Description Jiri Klimes 2014-12-10 14:20:08 UTC

jk/libnm-cli-fixes branch contains a few fixes for libnm and nmcli, mainly for reporting errors.

Comment 1 Lubomir Rintel 2014-12-10 16:37:49 UTC

+               /* Ensure that nm_device_get_state() will return the right value even if
+                * we haven't processed the corresponding PropertiesChanged yet.
+                */
+               priv->state = tmp->new_state;
+               
  ^^^^^ trailing whitespace

> cli: monitor device when activating connections to capture errors

+       if ((new_state == NM_DEVICE_STATE_FAILED || new_state == NM_DEVICE_STATE_DEACTIVATING))
+               nmc_activate_error = nmc_device_reason_to_string (reason);

What if the callback fires more than once? Do we leak the old reason string? How do we determine the better reason (secrets missing as opposed to none)?

Maybe we should just send the NM_DEVICE_STATE_REASON_NO_SECRETS reason for the transition from NM_DEVICE_STATE_FAILED to NM_DEVICE_STATE_DISCONNECTED and avoid the 100ms wait trickery altogether?

Comment 2 Dan Williams 2014-12-10 23:34:37 UTC

> cli: return empty secrets instead of unregistering the agent

Just curious, why return empty secrets instead of the NM_SECRET_AGENT_ERROR_NO_SECRETS error?  I think NM handles that error OK already by going to the  next agent.


> libnm: emit all NMDevice::state-changed signals

Does emit_state_changed() really need the 'data' argument?  I think 'data' will always be in the queue, no? (though I coudl be wrong).  It looks to me like we can just keep adding the events to the end of the reload queue, and then when the reload is done just emit them all.

> cli: monitor device when activating connections to capture errors

Yeah, the idle is a kinda icky.

Maybe nmc_activate_connection() could pass a data struct/closure to store_device_state_cb() and active_connection_state_cb().  store_device_state_cb() would store the reason code into the struct/closure, and call a completion function.  active_connection_state_cb() would also call that completion function.  The completion function would wait for both calls to be done (or just active_connection_state_cb() in the case of a VPN) and then print the message when they had both completed, using the device reason it received earlier.  Would that be cleaner?

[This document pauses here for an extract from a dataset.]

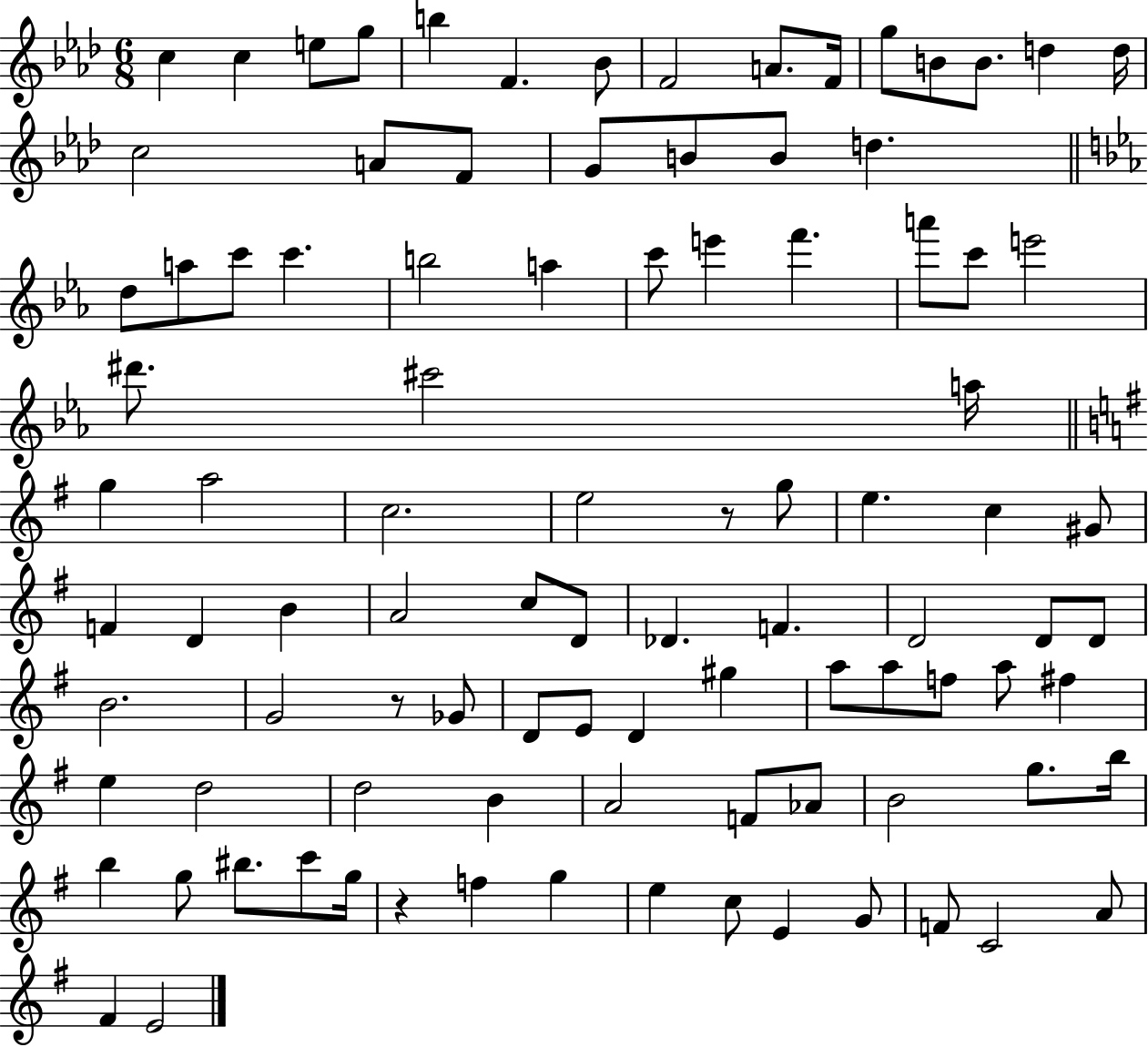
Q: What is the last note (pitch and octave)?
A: E4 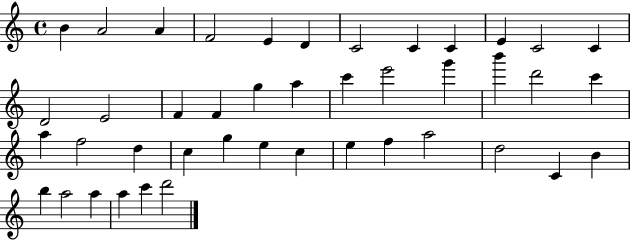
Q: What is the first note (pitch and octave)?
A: B4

Comment 3 Jiri Klimes 2014-12-11 17:12:57 UTC

(In reply to comment #1)
> +               /* Ensure that nm_device_get_state() will return the right
> value even if
> +                * we haven't processed the corresponding PropertiesChanged
> yet.
> +                */
> +               priv->state = tmp->new_state;
> +               
>   ^^^^^ trailing whitespace
 
I will fix that.

> > cli: monitor device when activating connections to capture errors
> 
> +       if ((new_state == NM_DEVICE_STATE_FAILED || new_state ==
> NM_DEVICE_STATE_DEACTIVATING))
> +               nmc_activate_error = nmc_device_reason_to_string (reason);
> 
> What if the callback fires more than once? Do we leak the old reason string?
> How do we determine the better reason (secrets missing as opposed to none)?
> 
It is const string.



(In reply to comment #2)
> > cli: return empty secrets instead of unregistering the agent
> 
> Just curious, why return empty secrets instead of the
> NM_SECRET_AGENT_ERROR_NO_SECRETS error?  I think NM handles that error OK
> already by going to the  next agent.
> 
There no way to do it now. You mean updating nm_secret_agent_simple_response() to return NM_SECRET_AGENT_ERROR_NO_SECRETS instead of empty dict?

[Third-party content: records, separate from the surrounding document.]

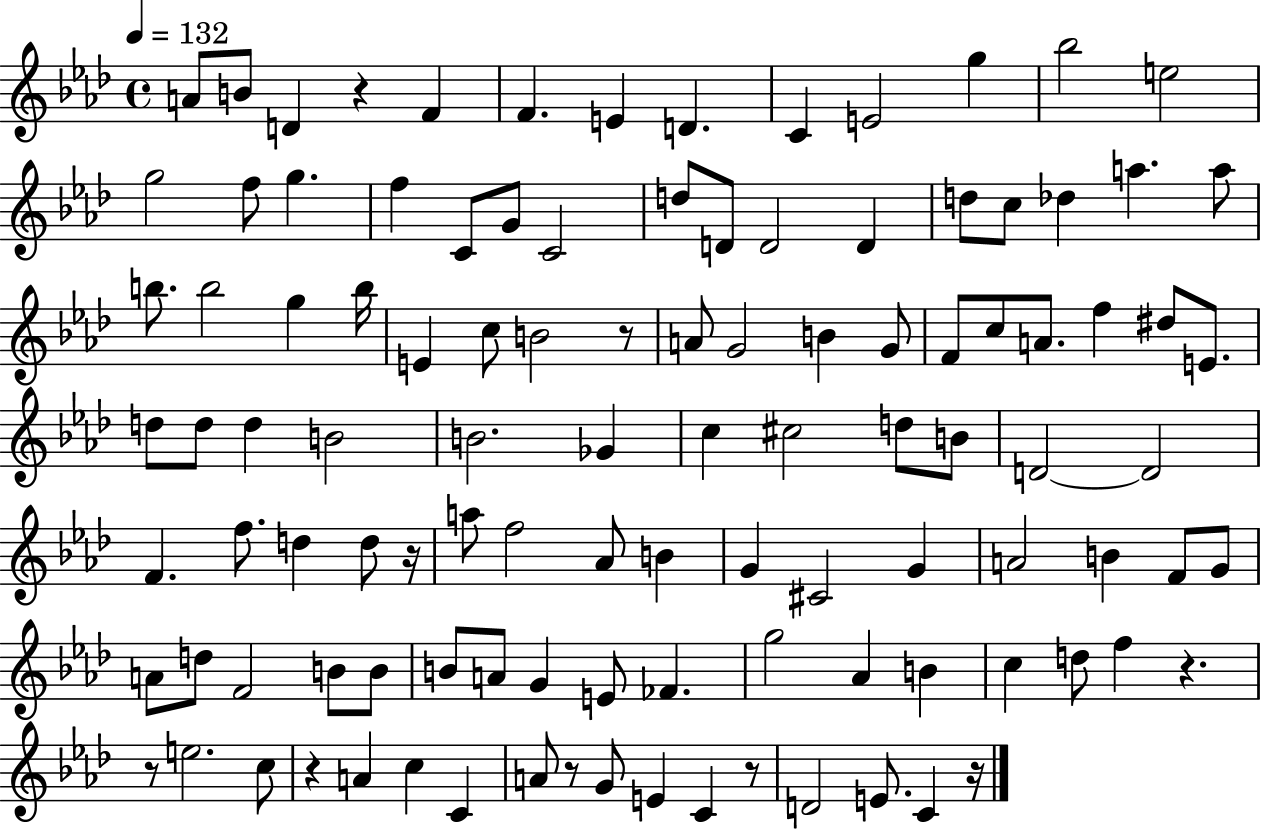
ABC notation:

X:1
T:Untitled
M:4/4
L:1/4
K:Ab
A/2 B/2 D z F F E D C E2 g _b2 e2 g2 f/2 g f C/2 G/2 C2 d/2 D/2 D2 D d/2 c/2 _d a a/2 b/2 b2 g b/4 E c/2 B2 z/2 A/2 G2 B G/2 F/2 c/2 A/2 f ^d/2 E/2 d/2 d/2 d B2 B2 _G c ^c2 d/2 B/2 D2 D2 F f/2 d d/2 z/4 a/2 f2 _A/2 B G ^C2 G A2 B F/2 G/2 A/2 d/2 F2 B/2 B/2 B/2 A/2 G E/2 _F g2 _A B c d/2 f z z/2 e2 c/2 z A c C A/2 z/2 G/2 E C z/2 D2 E/2 C z/4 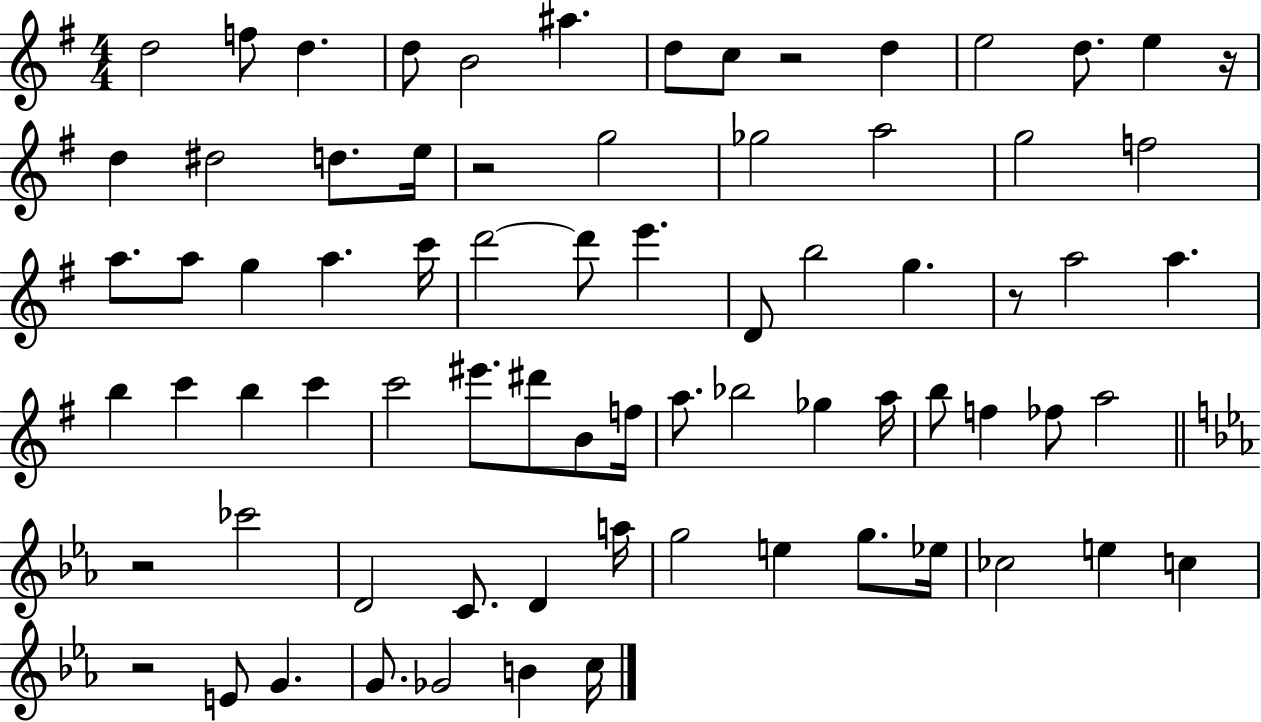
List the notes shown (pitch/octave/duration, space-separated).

D5/h F5/e D5/q. D5/e B4/h A#5/q. D5/e C5/e R/h D5/q E5/h D5/e. E5/q R/s D5/q D#5/h D5/e. E5/s R/h G5/h Gb5/h A5/h G5/h F5/h A5/e. A5/e G5/q A5/q. C6/s D6/h D6/e E6/q. D4/e B5/h G5/q. R/e A5/h A5/q. B5/q C6/q B5/q C6/q C6/h EIS6/e. D#6/e B4/e F5/s A5/e. Bb5/h Gb5/q A5/s B5/e F5/q FES5/e A5/h R/h CES6/h D4/h C4/e. D4/q A5/s G5/h E5/q G5/e. Eb5/s CES5/h E5/q C5/q R/h E4/e G4/q. G4/e. Gb4/h B4/q C5/s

Anyway, src/settings/nm-agent-manager.c:get_done_cb() behaves the same for both cases (calls next agent).

>
> > libnm: emit all NMDevice::state-changed signals
> 
> Does emit_state_changed() really need the 'data' argument?  I think 'data' will
> always be in the queue, no? (though I coudl be wrong).  It looks to me like we
> can just keep adding the events to the end of the reload queue, and then when
> the reload is done just emit them all.
> 
data parameter is used to find the current signal and only emit the signals before that including the current one (they are old anyway). 
If we would remove the parameter and emit all the signals, would not it cause problems? I mean emitting signals before reloading the properties.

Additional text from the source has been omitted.